Setelah mendengarkan paparan, Presiden Jokowi masuk ke Candi Kedaton salah satu dari 115 Candi di Kawasan Candi MuaraJambi. Tampak Jokowi sangat terkesan melihat Candi yang sangat indah dan mempunyai sejarah yang kaya.
Presiden dan Ibu Negara juga menyempatkan diri membasuh tangan dengan air dari sumur abadi yang ada di candi.
"Semoga pengembangan Kawasan MuaraJambi membawa dampak yang besar bagi masyarakat Muaro Jambi," sebut Bupati Muaro Jambi Masnah Busyro.
Walaupun pemerintah pusat sudah menaruh perhatian besar pada candi dan pengembangannya, namun permasalahan masih tersisa.
Menteri Koordinator Bidang Kemaritiman dan Investasi (Menko Marves) Luhut Binsar Pandjaitan dalam lawatannya ke Candi beberapa waktu lalu sudah sepakat dengan Gubernur Jambi Al Haris untuk mensterlikan wilayah Kawasan Cagar Budaya MuaraJambi dari Stockpile Batubara dan Industri namun implementasinya tidak mudah.

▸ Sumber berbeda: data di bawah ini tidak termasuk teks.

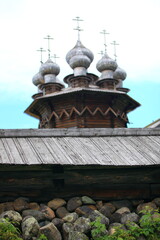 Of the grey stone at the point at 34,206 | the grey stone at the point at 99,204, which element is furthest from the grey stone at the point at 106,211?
the grey stone at the point at 34,206

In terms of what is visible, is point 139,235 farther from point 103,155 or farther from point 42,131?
point 42,131

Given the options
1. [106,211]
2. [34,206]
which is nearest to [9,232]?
[34,206]

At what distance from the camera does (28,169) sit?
5352 millimetres

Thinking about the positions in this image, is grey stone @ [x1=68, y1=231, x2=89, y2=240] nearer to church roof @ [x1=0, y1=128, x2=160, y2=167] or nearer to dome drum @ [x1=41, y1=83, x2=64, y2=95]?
church roof @ [x1=0, y1=128, x2=160, y2=167]

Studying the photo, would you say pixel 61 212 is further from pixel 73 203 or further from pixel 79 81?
pixel 79 81

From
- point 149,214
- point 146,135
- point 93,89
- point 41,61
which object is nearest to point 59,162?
point 149,214

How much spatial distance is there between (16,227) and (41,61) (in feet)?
62.0

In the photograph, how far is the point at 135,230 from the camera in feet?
16.3

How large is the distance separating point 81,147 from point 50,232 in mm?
1448

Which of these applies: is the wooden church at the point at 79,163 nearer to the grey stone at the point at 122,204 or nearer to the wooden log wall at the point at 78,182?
the wooden log wall at the point at 78,182

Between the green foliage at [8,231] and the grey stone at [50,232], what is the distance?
1.10 ft

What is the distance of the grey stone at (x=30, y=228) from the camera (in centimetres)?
468

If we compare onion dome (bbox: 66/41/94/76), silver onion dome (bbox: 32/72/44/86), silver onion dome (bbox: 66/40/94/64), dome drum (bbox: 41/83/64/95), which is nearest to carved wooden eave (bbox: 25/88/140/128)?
dome drum (bbox: 41/83/64/95)

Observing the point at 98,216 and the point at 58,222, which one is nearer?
the point at 58,222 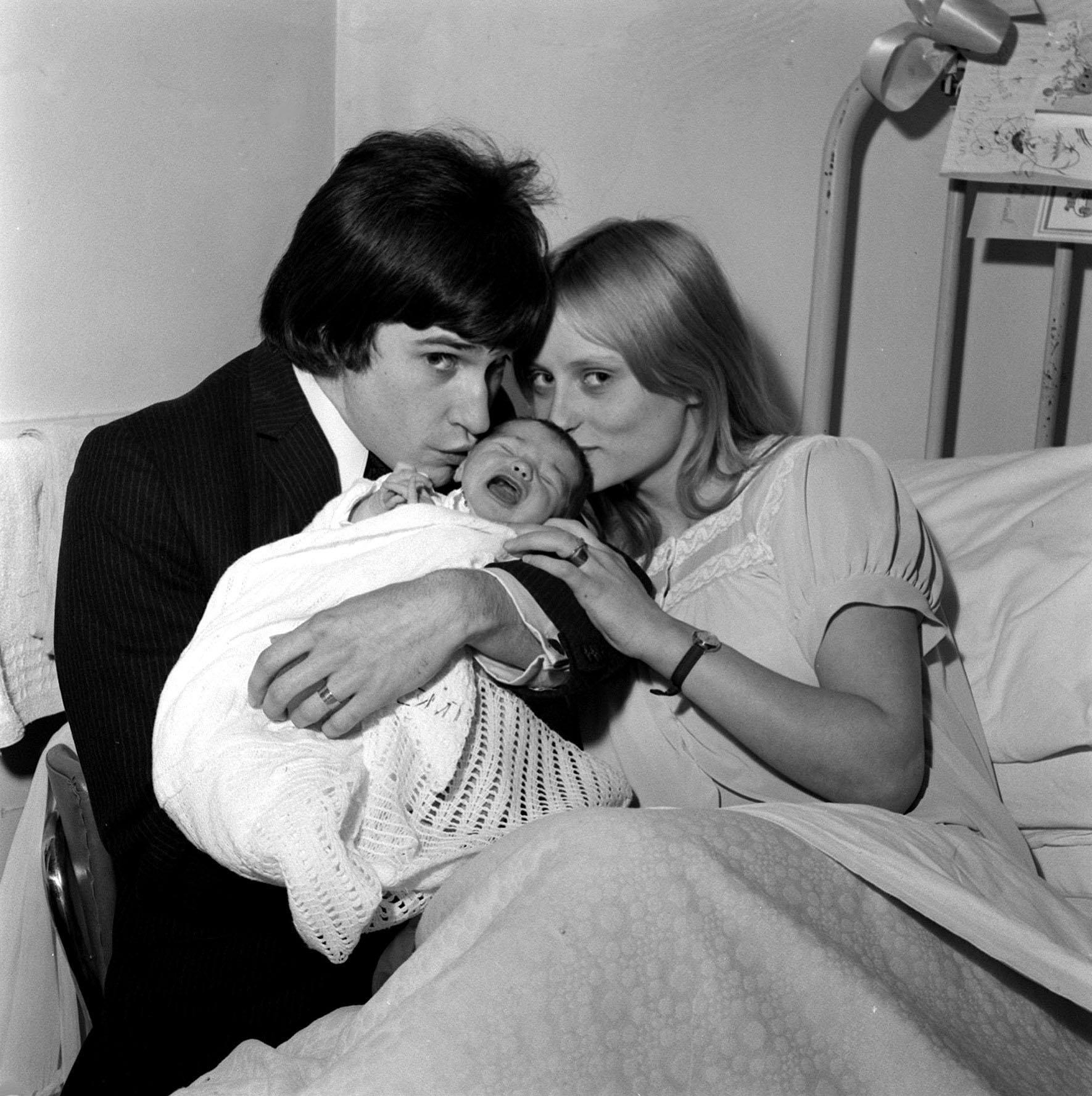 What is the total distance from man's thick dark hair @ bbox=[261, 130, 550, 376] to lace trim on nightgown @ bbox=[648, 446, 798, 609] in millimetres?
359

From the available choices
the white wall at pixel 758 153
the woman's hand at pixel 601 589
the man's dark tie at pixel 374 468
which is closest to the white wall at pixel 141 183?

"Besar Harapan dengan perhatian Pemerintah Pusat, kerja sama yang selama ini sudah terjalin antara pemerintah, masyarakat, komunitas dan swasta dapat lebih erat lagi. Dan dalam pengembangan kawasan candi tetap mengedepankan preservasi nilai-nilai budaya benda dan tak benda lokal dalam perwilayahan yang hijau dan sustainable," tutup Wisnu.